In regards the technical screening this can occur post the lottery draw. If
the winner is not technically capable of being able to deliver a product then
just draw again. This will avoid a lot of work for the OP.

My only other suggestion here is that entrants have to answer some sort of
technical quiz or some other human only hurdle so that you don't get a million
entries from someone with a script.

------
tuyguntn
How many applicants and for how long you are going to support?

------
chadkruse
This is a fantastic idea @trevyn, love it! Reminds me a bit of the Awesome
Foundation [0], a community of independent chapters around the world that give
$1k to interesting people and projects with absolutely no strings attached. No
tax breaks, no catches, some people just want to sponsor cool stuff. Good on
you!

[0] [http://www.awesomefoundation.org/](http://www.awesomefoundation.org/)

------
eecks
I'll do it for 280 dollars a week but I'll only work weekends and 2 evenings a
week. The reason is that I don't want to quit my job. If you're interested
then I will send you my ideas.

------
dllthomas
I might be interested if I weren't already being paid quite a bit more to work
on something I'm deeply interested in.

I've been spending a part of that "quite a bit more" paying people to work on
Snowdrift.coop, if you'd like to join me in that.

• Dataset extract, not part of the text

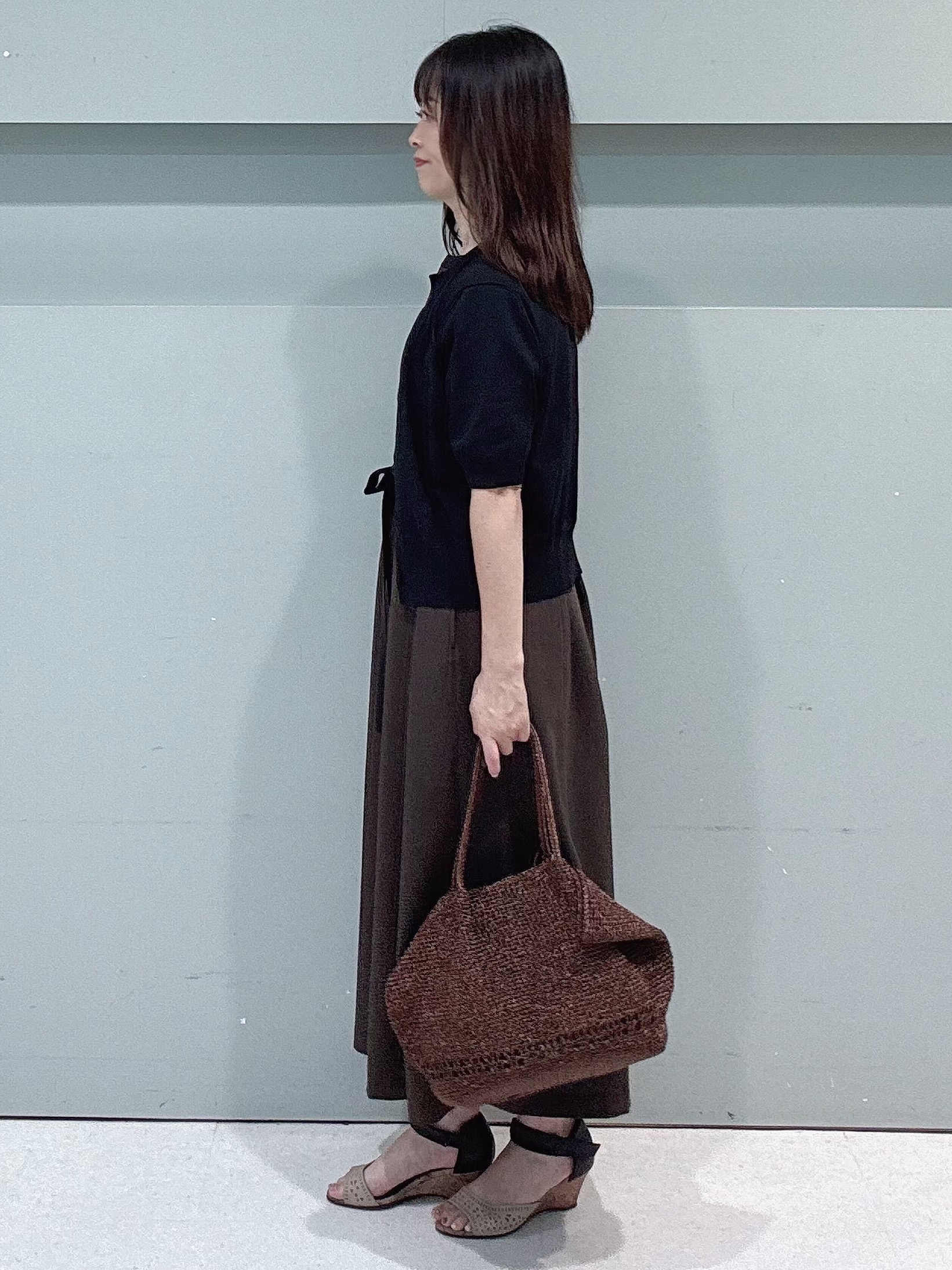 makiさんの「UNTITLED｜【接触冷感/UVカット/イージーケア】配色ラインワンピース」を使ったコーディネート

Regardless, props on your decision! :)

------
simonmarriott
Hi Trevyn, I sent you an e-mail under simon@mooffgames.com about what we do
and our situation. I'm looking for support from someone who believes in what
we do.

------
haidrali
Hi trevyn, great initiative from you. I have email you about myself and my
project. cheers

------
apryldelancey
What an awesome gesture, thank you for your generosity and best of luck. Happy
New Year!